With tropical Fish temperature of the water is very important.
The reason they are called tropical fish is because they are from the tropics near the equator where the water is nice and warm!
Fish are cold blooded which means they cannot maintain their body temperature. Their body temperature is dependent on the temperature of the water. Every fish has an "ideal" temperature and it's different for every fish. A gold fish for example will thrive in 60F water where as the idea temperature for a Discus is 86F.
Many people will ask what is the "ideal" tropical fish temperature? Well, as you can see from the example above it really depends on the fish. As a general rule most of the tropical fish you will find at the local pet store will be happy between 72F and 82F. I keep my tanks at about 77F.
Like the Discus, there are exceptions to the rule. When choosing compatible fish for your aquarium it is very important to factor in the "ideal" temperature in addition to the type of behavior the fish exhibit.
So what happens if the water gets too cold? Obviously if the water gets cold enough the fish will die. But many times tropical fish will survive in water at lower temperatures, they just won't be happy. They won't exhibit their true behavior and characteristics. They won't breed. They will pretty much have a miserable existence.

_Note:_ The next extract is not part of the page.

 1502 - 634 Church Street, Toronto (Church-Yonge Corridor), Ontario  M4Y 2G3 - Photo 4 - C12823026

The coloration of fish is greatly affected by the water temperature. Fish that normally exhibit beautifully vibrant colors will often become very dull looking when the water gets too cold. I once neglected to check the temperature on one of my tanks for several days when I noticed the fish looked pale. A quick look at the thermometer told me the heater wasn't working. It was amazing how quickly the vibrant colors returned to my fish once the heater was replaced!
My little incident with broken heater underscores the importance of a good aquarium thermometer. It's easy to forget, but it's very important that you check the temperature of your tank on a regular basis. There are a few different types to choose from.

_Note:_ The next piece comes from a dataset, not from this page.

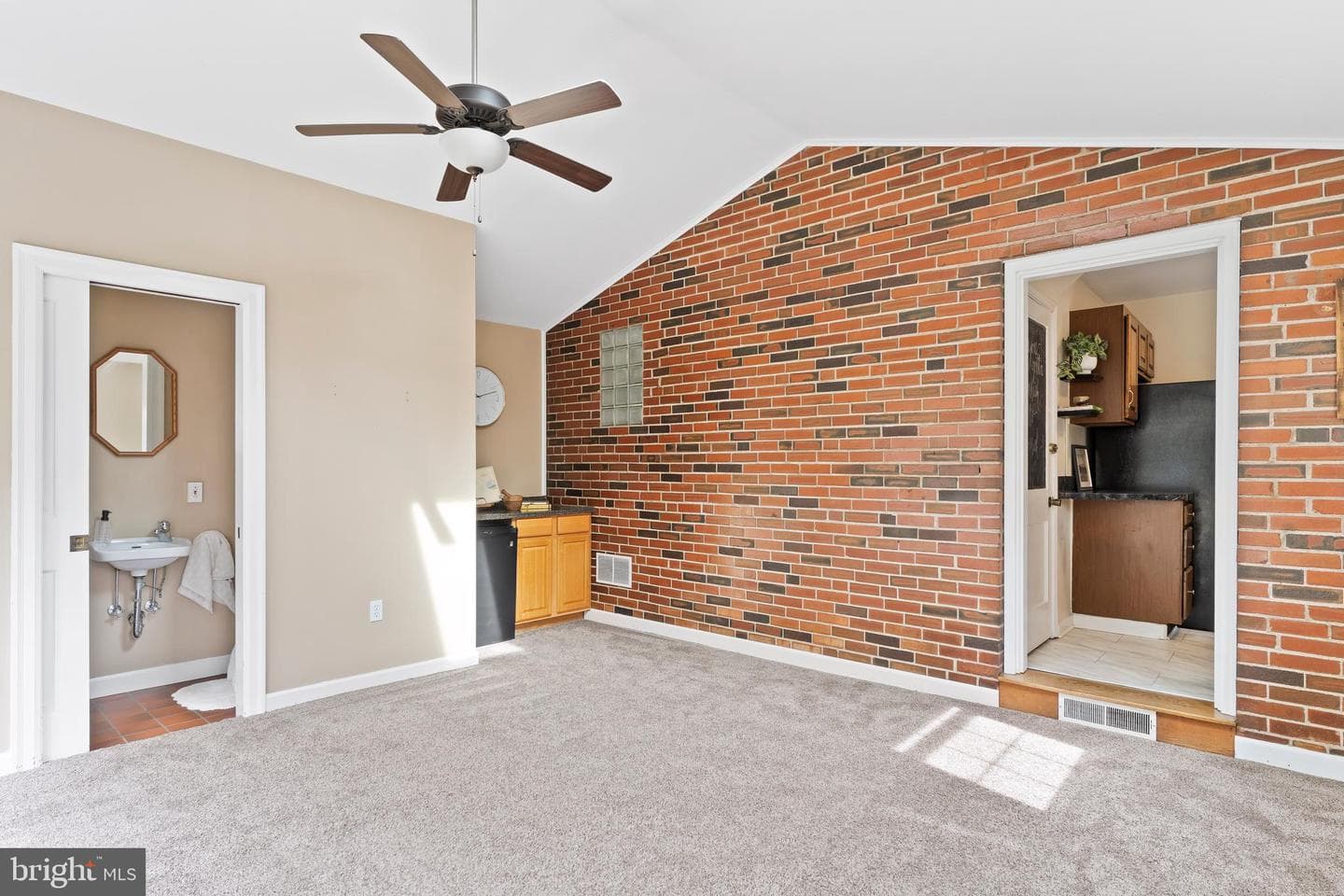 1607 Chatham Road photo 19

An LCD stick-on thermometer simply sticks to the outside of the tank. It will change colors with temperature just like those strips your mom used to use on your forehead to take your temperature when you were a kid. Then there are floating mercury thermometers that can either float around the tank freely or be secured in on place with a suction cup. You can also buy aquarium thermometers that sink to the bottom and sit in one place.
If you want to get really fancy you can even get external digital thermometers with remote sensors. Some can even be programmed to give you an alarm when the temperature is out of range.

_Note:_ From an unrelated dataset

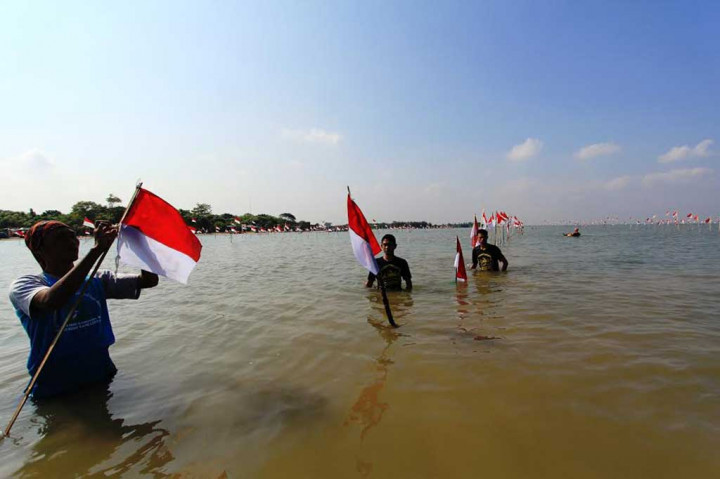 Seribu Bendera Merah Putih Hiasai Pantai Teluk Awur Jepara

To maintain the proper tropical fish temperature, you need a reliable aquarium heater. Submergible aquarium heaters are available in many different sizes each having a specific power designation. Obviously the larger the tank the larger heater you will need. Take a look at this page about aquarium heaters for more information on choosing the correct heater for your aquarium.
Since the average tropical fish temperature is warmer than what we humans consider comfortable room temperature, most of us only need to worry about heating the water. But if you live in a very hot climate and don't have the luxury of air conditioning, you may have to find a way to cool the water in your aquarium.
If you find yourself in this situation there are a few things you can try before dropping a lot of money on a chiller. It may seem obvious, but the first thing to do is to make sure your aquarium is not in the direct sunlight as this can raise the temperature significantly. A simply fan to blow air across the top of the aquarium will not only dissipate the heat from any lighting, it will also cause the water to evaporate which lowers the temperature. Believe it or not, it is possible to lower the temperature of the water by several degrees by using a fan, but you will have to add water more often due to the evaporation.
If all else fails you may have to buy a chiller. Just like aquarium heaters, aquarium chillers come in all different sizes depending on your tank size and the ambient temperature. A conventional chiller will pump the aquarium water through an external unit that cools the water much in the same way your refrigerator cools your food.